Aqui no Brasil, houve uma oposição pouco significativa à reforma da Previdência, limitada na prática às corporações que foram diretamente afetadas com o fim de privilégios. A reforma afinal passou sem sobressaltos substanciais, e sua mera aprovação está sendo fundamental para restabelecer a confiança dos agentes econômicos e dos investidores no equilíbrio das contas públicas. Ao que consta, as agências internacionais de classificação de risco já estariam dispostas a elevar o rating brasileiro, rebaixado depois do desastre da recessão e das contas maquiadas nos governos lulopetistas.
O ano de 2019 encerra-se, portanto, sob atmosfera razoavelmente otimista. Contudo, a tarefa de recuperação do País e de criação das condições necessárias para estimular seu crescimento está muito longe de terminar. É preciso dar continuidade às reformas, em especial a tributária e a administrativa, sem falar das mudanças no pacto federativo. Será um grave erro deixar-se inebriar pelo relativo sucesso reformista de 2019 e considerar que há margem para suspender esse trabalho em razão da mobilização política com vista às eleições municipais de 2020.
Ora, o País realiza eleições a cada dois anos, e não é possível que, de dois em dois anos, em nome da satisfação de interesses eleitorais, os parlamentares renunciem à sua tarefa precípua, que é aprovar as leis e as mudanças estruturais de que o País necessita.
Tem sido comum ouvir deputados e senadores argumentarem que “ano eleitoral” é um período em que não se pode discutir e votar temas espinhosos no Congresso, pois isso pode melindrar eleitores em suas bases. Ou seja, a legislatura eleita para trabalhar quatro anos opera, na prática, só na metade desse tempo; na outra metade, dedica-se a fazer campanha eleitoral.

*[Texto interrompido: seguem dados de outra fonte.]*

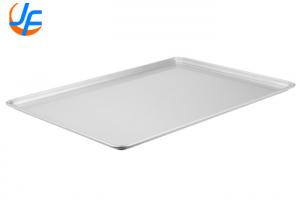 Buy cheap RK Bakeware China 16 Gauge Full Size Aluminium Baking Tray Wire in Rim Glazed 15 13/16&quot; x 21 13/16&quot; product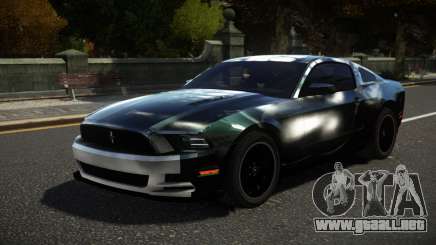 Ford Mustang R-TI S6 para GTA 4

Seria ingênuo esperar que os políticos não se preocupassem com as eleições, pois vivem de votos. Afinal, é a essência da democracia representativa. No caso das eleições municipais deste ano, os parlamentares federais esperam que a eventual vitória de seus aliados em disputas por prefeituras ajude a consolidar suas bases, na tentativa de obter apoio à reeleição em 2022. Tudo isso faz parte do jogo.
No entanto, um político que deixa de fazer seu trabalho por receio de perder votos corre o risco de não ganhar voto nenhum e de perder os que já tem. É mais inteligente o parlamentar que mostra serviço, apoiando as reformas de que o País tanto necessita, e que transforma esse apoio em capital eleitoral, do que o deputado ou senador que se omite diante de temas espinhosos. No primeiro caso, o político demonstra consciência de que é preciso trabalhar pelo bem do País a todo momento, mesmo em “ano eleitoral”, e o eleitor certamente haverá de reconhecer seu valor; já no segundo caso, o que se tem é mero oportunismo, que nada acrescenta ao País e que, ao contrário, colabora decisivamente para o abastardamento da política – com a consequente descrença na atividade parlamentar como meio de expressão genuinamente democrática.
Eleições, portanto, não podem parar o País. Por mais que as campanhas naturalmente mobilizem a atenção de partidos e seus candidatos, é preciso dar continuidade às pautas legislativas de interesse nacional, pois foi para isso que os eleitores escolheram seus representantes.